In addition to Cecilia's portrait from Krakow, Poland, there's the Louvre's "La Belle Ferronnière" and "The Virgin of the Rocks"; "Portrait of a Musician" from Milan's Biblioteca Ambrosiana; the Vatican's unfinished "Saint Jerome"; "The Madonna Litta" from Russia's Hermitage; and "Christ as Salvator Mundi," a panel only recently — and quite convincingly — attributed to the artist. ("Ginevra de' Benci," painted in Florence, and the "Mona Lisa," painted after he left Milan, are excluded.) The National Gallery's own later version of "The Virgin of the Rocks" stands across the room from the Louvre's altarpiece. A Scottish private collection lent "The Madonna of the Yarnwinder," finished by another hand.
A full-scale copy of "The Last Supper" by his pupil Giampietrino (1500-50) hangs in a room upstairs. Filled with long-lost details from the prototype, it displays little of Leonardo's painterly skill, but compensation comes from 17 drawings for the original.
The absence of prior museum presentations has contributed in turn to the corruption of Leonardo's artistic reputation. The subtitle "Painter at the Court of Milan" is no accident: Syson means to rescue him from what might be called the Dan Brown Effect — the cheesy caricaturing of Leonardo's wide-ranging interests, keen mind and serious ambitions. The show is not a fanciful tale of religious apostasy, fake secret societies or even hypothetical flying machines. Instead it's the urbane — and more riveting — story of a supremely gifted artist coming to maturity.
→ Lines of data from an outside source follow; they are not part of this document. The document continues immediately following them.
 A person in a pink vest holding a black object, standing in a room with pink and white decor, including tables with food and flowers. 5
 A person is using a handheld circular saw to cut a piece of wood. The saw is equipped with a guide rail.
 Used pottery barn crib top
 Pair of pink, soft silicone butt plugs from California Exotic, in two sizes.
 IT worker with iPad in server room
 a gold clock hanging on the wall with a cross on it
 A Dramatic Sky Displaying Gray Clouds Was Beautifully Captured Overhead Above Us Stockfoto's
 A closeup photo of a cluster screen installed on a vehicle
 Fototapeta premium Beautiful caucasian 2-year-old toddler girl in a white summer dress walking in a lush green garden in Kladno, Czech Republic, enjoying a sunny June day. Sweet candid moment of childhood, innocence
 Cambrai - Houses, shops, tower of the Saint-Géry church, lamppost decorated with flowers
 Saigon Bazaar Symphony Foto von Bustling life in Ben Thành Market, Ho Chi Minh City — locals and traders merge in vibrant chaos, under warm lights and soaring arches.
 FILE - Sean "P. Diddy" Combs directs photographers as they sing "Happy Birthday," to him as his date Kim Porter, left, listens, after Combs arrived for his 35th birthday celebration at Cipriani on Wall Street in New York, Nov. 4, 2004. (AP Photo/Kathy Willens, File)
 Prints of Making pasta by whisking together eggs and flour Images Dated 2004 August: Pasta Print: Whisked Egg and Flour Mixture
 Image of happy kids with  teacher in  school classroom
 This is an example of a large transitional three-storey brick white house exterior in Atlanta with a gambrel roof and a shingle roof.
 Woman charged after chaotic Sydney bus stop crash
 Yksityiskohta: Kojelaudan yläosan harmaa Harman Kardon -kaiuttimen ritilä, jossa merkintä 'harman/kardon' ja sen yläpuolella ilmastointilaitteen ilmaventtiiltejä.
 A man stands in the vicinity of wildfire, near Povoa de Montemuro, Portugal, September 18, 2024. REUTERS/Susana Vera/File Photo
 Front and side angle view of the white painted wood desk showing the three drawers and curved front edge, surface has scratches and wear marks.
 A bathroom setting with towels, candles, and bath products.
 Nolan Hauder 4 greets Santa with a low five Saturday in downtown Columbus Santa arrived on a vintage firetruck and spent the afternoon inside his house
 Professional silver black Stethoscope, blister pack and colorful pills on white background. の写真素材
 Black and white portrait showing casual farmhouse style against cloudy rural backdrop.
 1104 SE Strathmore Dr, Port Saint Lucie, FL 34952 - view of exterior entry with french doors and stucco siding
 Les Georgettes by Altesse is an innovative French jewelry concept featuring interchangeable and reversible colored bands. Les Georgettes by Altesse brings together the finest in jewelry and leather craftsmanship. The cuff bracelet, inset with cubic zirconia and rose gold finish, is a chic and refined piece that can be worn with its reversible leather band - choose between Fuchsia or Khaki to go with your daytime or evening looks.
Leonardo matters most as a painter. The show persuasively argues that his 1482 departure from the rich mercantile city of Florence, cradle of the Italian Renaissance, for the cruder, more bumptious northern city of Milan set the stage for his artistic blossoming. As court painter employed by the city's ruler, he found security and freedom that allowed his talents to blossom.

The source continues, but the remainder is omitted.